Titus always admired her when she came down the stairs in her regalia,
but she had an accident and broke her leg and began to limp some. Then
when I had this terrible accident, at first the doctors said that
probably the leg had to be amputated below the knee, or if it could be
saved that I would retain a limp. So Lion always said it was because he
thought about me when he wrote about the Queen Berenice. He was not
superstitious, but he made himself a big remorse that he wrote that.
Finally I didn't limp, and also I didn't lose the leg. [laughter] But he
said that during my whole sickness and when I was so much in danger, he
couldn't forget that he depicted me as Berenice. And then sometimes
there is another woman [Dorion] in Flavius
Josephus: [with her] he only used my exterior but not my-what
shall I say?--my mind, or my personality. Only she looks like me. And
then several other times he took part of me. Also in Josephus there are two wives. One is Mara, who
is the first woman whom he divorces to become the aristocrat and
accepted. He could not keep her because she was first taken from the
Emperor Vespasian as loot. He married her, and this could not be done,
that a girl who has been had by the emperor would be his wife. (Later he
goes back to her at the end.) But she writes him always that he should
take care of his health and also eat always some salad. And that was of
course [laughter] also me. Also the way as he saw her was very much
inspired by me. But of course she was a girl of the people. So
everywhere he took some traits of me and used them in other women.
- WESCHLER
- Well, getting back first of all to Success,
the novel Success, what success did the
novel Success have when it came out?
- FEUCHTWANGER
- It was a great success, but it also was terribly attacked. It was a
controversial novel. Mostly it was attacked, of course, in Munich, and
not only by the people in Munich but also by his best friends and by his
brother who spoke against him. One of his brothers made a lecture
against him.
- WESCHLER
- Which brother?
- FEUCHTWANGER
- Ludwig. He spoke against him, and the funny thing was that when he came
back to Munich for a visit, he invited us for dinner--we heard that
later, we didn't know it then--and his second wife (he was divorced from
his first wife) told us that she liked so much the novel Success. Her husband spoke against it, but she
didn't want that it seems....
- WESCHLER
- On what grounds did he speak against it?
- FEUCHTWANGER
- Oh, they said he is ungrateful to the city which did so much for us and
things like that. We too liked to live there. It was Bruno Frank who had
the great fight with my husband about his attitude against Munich. He
also spoke about ingratitude. And it was so funny because I heard about
it already before it was printed--somebody, you know, of the grapevine.

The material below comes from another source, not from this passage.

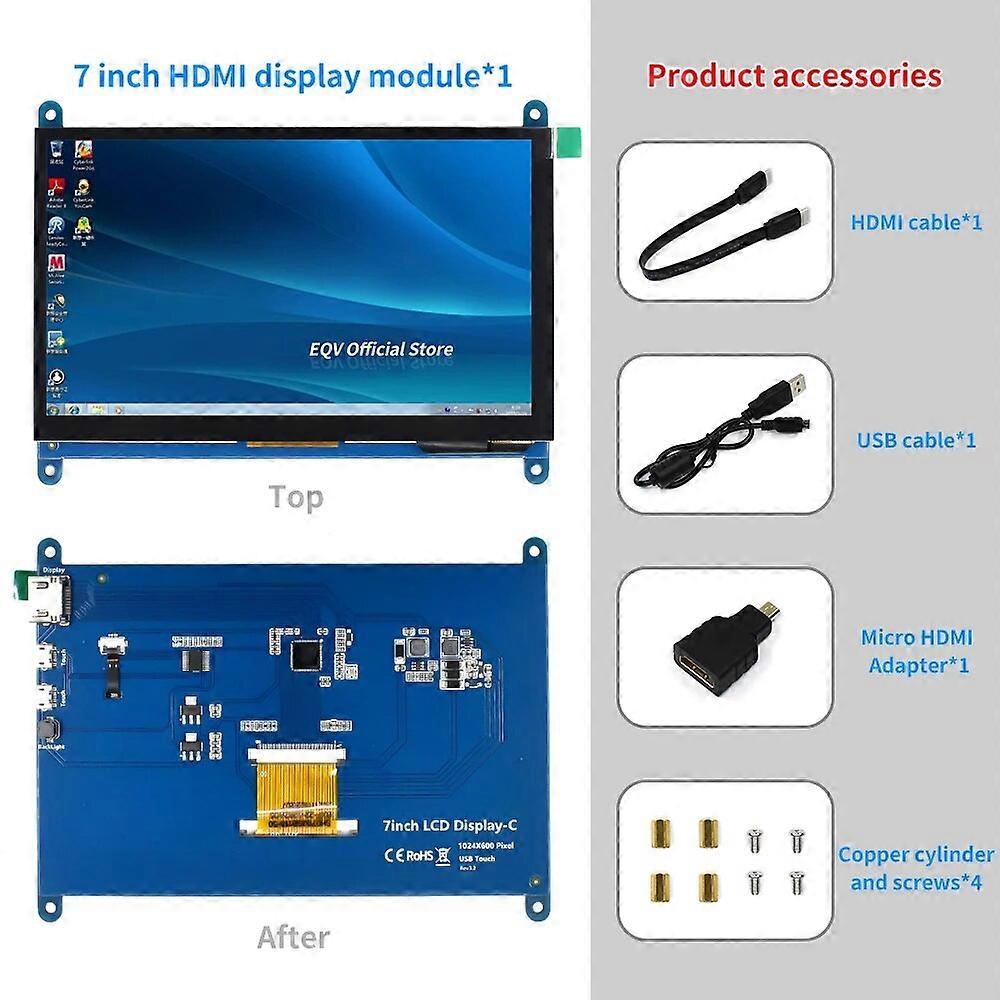 7 pouces 1024 * 600 TNT Écran tactile capacitif TFT Module LCD Affichage de l’écran pour Raspberry Pi 3 B + / 4b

I heard that he spoke in Munich [against] the novel [although he said]
that he was always a great friend of my husband and also admired his
other novels. But I don't believe always those gossips, you know, I have
to have proof. I didn't want to believe [this about] Frank, so I told
Lion the best way to find out is we ask [Gustav] Kiepenhauer, who was
the publisher, to ask Frank to write an introduction. And Frank wrote
back that he is very busy at the moment and couldn't find the time and
also, "What's the use of it? Feuchtwanger is known in the whole world,
already famous in England and America. Who would know about me?" So he
declined to write. So we knew that it was true. But it was really--it
was not because he was personally against Lion; he just didn't want that
somebody writes against Munich.
- WESCHLER
- It wasn't so much against Munich as against the Nazis, though, was it?
- FEUCHTWANGER
- Yes, of course. But the Nazis were there, and they closed their eyes.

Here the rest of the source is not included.